• DATA EXTRACT:
=====
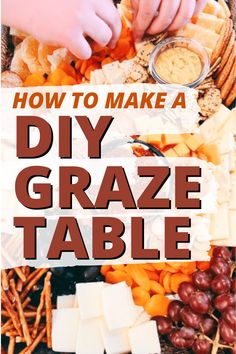 someone making a diy graze table with cheese and crackers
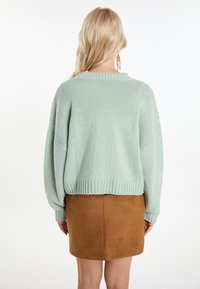 Myntgrön stickad tröja med sänkt axel, ribbad nederkant och långa ärmar, kombinerad med en brun mocka minikjol. Ingen framträdande mönster.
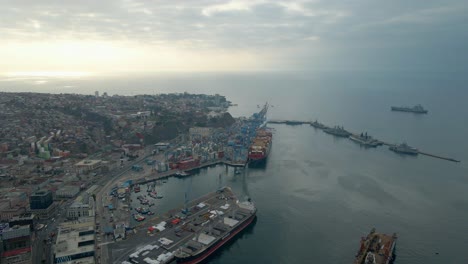 Aerial-dolly-in-of-Valparaiso-hillside-city-and-Sea-Port,-boats-docked-and-cargo-ship-near-cranes-at-sunset,-Chile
=====
Write out each line of the data exactly; the images should be left out.

 someone making a diy graze table with cheese and crackers
 Myntgrön stickad tröja med sänkt axel, ribbad nederkant och långa ärmar, kombinerad med en brun mocka minikjol. Ingen framträdande mönster.
 Aerial-dolly-in-of-Valparaiso-hillside-city-and-Sea-Port,-boats-docked-and-cargo-ship-near-cranes-at-sunset,-Chile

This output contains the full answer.